_YOUR ASSIGNMENT_
Keeping every word the same, give again only the lines from the one with "I Don't Know Kids T-Shirt" through the end of the data, both included, and leave every picture out.
======== INFORMATION SHOWN ========
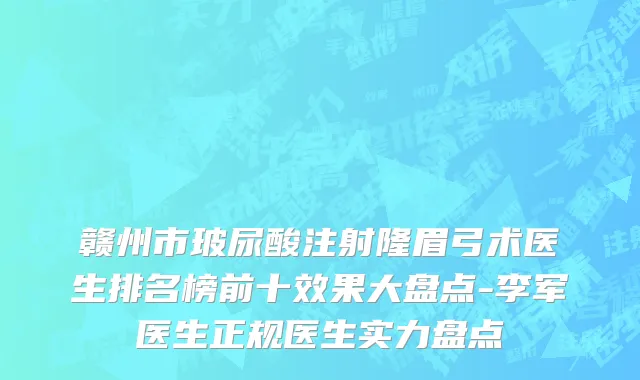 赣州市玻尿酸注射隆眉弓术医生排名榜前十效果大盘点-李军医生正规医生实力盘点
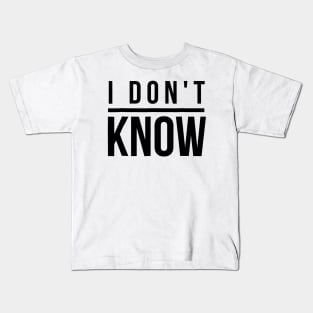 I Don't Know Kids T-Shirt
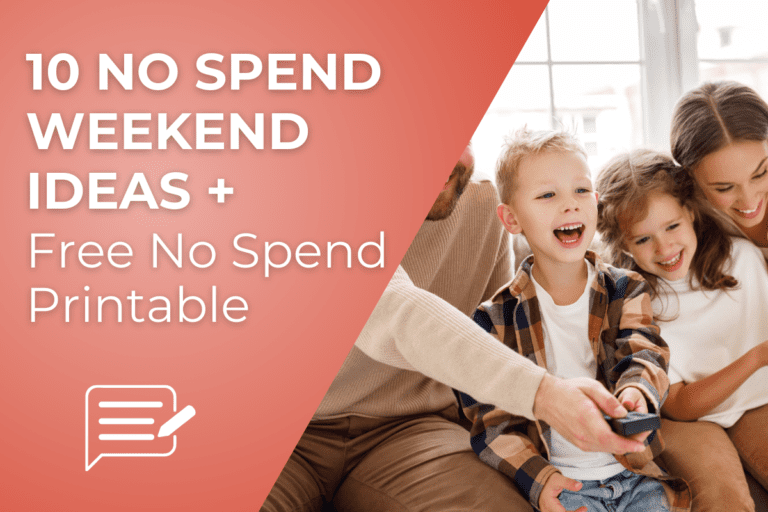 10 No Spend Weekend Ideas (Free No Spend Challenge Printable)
========
_OUTPUT FOR THIS EXERCISE_
 I Don't Know Kids T-Shirt
 10 No Spend Weekend Ideas (Free No Spend Challenge Printable)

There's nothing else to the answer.